— What the exercise asks —
Restate the entries below without a single change.

─── Supplied data ───

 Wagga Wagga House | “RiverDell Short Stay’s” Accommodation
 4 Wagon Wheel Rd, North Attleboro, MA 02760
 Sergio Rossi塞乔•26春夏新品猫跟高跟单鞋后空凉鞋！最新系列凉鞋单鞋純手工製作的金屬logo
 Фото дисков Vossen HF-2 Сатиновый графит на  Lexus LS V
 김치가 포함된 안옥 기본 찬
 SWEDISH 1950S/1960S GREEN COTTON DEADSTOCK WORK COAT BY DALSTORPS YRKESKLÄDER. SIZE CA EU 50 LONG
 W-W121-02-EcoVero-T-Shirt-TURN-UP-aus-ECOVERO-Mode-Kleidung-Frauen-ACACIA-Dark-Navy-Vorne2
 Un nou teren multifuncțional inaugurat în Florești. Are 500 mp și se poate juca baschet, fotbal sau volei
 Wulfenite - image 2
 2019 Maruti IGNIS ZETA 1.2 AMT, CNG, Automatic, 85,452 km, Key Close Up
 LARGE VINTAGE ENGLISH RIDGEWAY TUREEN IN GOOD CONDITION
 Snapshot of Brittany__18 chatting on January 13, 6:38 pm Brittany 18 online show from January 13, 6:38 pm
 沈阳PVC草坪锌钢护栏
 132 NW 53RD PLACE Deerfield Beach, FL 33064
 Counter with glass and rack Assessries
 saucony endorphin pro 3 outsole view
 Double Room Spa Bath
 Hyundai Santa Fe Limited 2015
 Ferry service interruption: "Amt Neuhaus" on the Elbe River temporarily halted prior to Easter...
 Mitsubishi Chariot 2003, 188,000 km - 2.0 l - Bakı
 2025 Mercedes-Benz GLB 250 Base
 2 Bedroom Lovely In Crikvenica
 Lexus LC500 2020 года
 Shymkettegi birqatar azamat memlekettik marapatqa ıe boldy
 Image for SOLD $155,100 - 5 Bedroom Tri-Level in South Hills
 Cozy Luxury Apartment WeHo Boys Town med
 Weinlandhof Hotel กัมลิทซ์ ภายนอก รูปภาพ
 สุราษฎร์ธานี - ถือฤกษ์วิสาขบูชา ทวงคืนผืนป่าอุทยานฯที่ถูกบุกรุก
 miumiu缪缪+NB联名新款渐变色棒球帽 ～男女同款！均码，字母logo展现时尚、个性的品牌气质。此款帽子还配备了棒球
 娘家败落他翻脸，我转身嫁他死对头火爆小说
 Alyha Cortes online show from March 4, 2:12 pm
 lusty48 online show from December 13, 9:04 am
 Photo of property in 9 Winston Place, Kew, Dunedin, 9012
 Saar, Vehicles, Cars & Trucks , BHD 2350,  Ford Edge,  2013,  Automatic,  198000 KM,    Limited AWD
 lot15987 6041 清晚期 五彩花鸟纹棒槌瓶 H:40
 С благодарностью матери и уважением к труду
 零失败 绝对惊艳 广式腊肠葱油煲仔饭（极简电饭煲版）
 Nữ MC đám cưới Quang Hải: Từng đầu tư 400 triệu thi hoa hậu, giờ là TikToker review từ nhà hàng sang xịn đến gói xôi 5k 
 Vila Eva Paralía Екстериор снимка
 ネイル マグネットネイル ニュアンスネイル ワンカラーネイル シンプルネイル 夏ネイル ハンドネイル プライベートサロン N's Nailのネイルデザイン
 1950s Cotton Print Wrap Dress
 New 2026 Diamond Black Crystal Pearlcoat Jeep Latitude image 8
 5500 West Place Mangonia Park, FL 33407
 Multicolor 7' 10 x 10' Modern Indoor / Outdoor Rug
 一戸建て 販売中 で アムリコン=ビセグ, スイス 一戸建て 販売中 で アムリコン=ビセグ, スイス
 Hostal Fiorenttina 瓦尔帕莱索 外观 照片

───

— Exercise response —
 Wagga Wagga House | “RiverDell Short Stay’s” Accommodation
 4 Wagon Wheel Rd, North Attleboro, MA 02760
 Sergio Rossi塞乔•26春夏新品猫跟高跟单鞋后空凉鞋！最新系列凉鞋单鞋純手工製作的金屬logo
 Фото дисков Vossen HF-2 Сатиновый графит на  Lexus LS V
 김치가 포함된 안옥 기본 찬
 SWEDISH 1950S/1960S GREEN COTTON DEADSTOCK WORK COAT BY DALSTORPS YRKESKLÄDER. SIZE CA EU 50 LONG
 W-W121-02-EcoVero-T-Shirt-TURN-UP-aus-ECOVERO-Mode-Kleidung-Frauen-ACACIA-Dark-Navy-Vorne2
 Un nou teren multifuncțional inaugurat în Florești. Are 500 mp și se poate juca baschet, fotbal sau volei
 Wulfenite - image 2
 2019 Maruti IGNIS ZETA 1.2 AMT, CNG, Automatic, 85,452 km, Key Close Up
 LARGE VINTAGE ENGLISH RIDGEWAY TUREEN IN GOOD CONDITION
 Snapshot of Brittany__18 chatting on January 13, 6:38 pm Brittany 18 online show from January 13, 6:38 pm
 沈阳PVC草坪锌钢护栏
 132 NW 53RD PLACE Deerfield Beach, FL 33064
 Counter with glass and rack Assessries
 saucony endorphin pro 3 outsole view
 Double Room Spa Bath
 Hyundai Santa Fe Limited 2015
 Ferry service interruption: "Amt Neuhaus" on the Elbe River temporarily halted prior to Easter...
 Mitsubishi Chariot 2003, 188,000 km - 2.0 l - Bakı
 2025 Mercedes-Benz GLB 250 Base
 2 Bedroom Lovely In Crikvenica
 Lexus LC500 2020 года
 Shymkettegi birqatar azamat memlekettik marapatqa ıe boldy
 Image for SOLD $155,100 - 5 Bedroom Tri-Level in South Hills
 Cozy Luxury Apartment WeHo Boys Town med
 Weinlandhof Hotel กัมลิทซ์ ภายนอก รูปภาพ
 สุราษฎร์ธานี - ถือฤกษ์วิสาขบูชา ทวงคืนผืนป่าอุทยานฯที่ถูกบุกรุก
 miumiu缪缪+NB联名新款渐变色棒球帽 ～男女同款！均码，字母logo展现时尚、个性的品牌气质。此款帽子还配备了棒球
 娘家败落他翻脸，我转身嫁他死对头火爆小说
 Alyha Cortes online show from March 4, 2:12 pm
 lusty48 online show from December 13, 9:04 am
 Photo of property in 9 Winston Place, Kew, Dunedin, 9012
 Saar, Vehicles, Cars & Trucks , BHD 2350,  Ford Edge,  2013,  Automatic,  198000 KM,    Limited AWD
 lot15987 6041 清晚期 五彩花鸟纹棒槌瓶 H:40
 С благодарностью матери и уважением к труду
 零失败 绝对惊艳 广式腊肠葱油煲仔饭（极简电饭煲版）
 Nữ MC đám cưới Quang Hải: Từng đầu tư 400 triệu thi hoa hậu, giờ là TikToker review từ nhà hàng sang xịn đến gói xôi 5k 
 Vila Eva Paralía Екстериор снимка
 ネイル マグネットネイル ニュアンスネイル ワンカラーネイル シンプルネイル 夏ネイル ハンドネイル プライベートサロン N's Nailのネイルデザイン
 1950s Cotton Print Wrap Dress
 New 2026 Diamond Black Crystal Pearlcoat Jeep Latitude image 8
 5500 West Place Mangonia Park, FL 33407
 Multicolor 7' 10 x 10' Modern Indoor / Outdoor Rug
 一戸建て 販売中 で アムリコン=ビセグ, スイス 一戸建て 販売中 で アムリコン=ビセグ, スイス
 Hostal Fiorenttina 瓦尔帕莱索 外观 照片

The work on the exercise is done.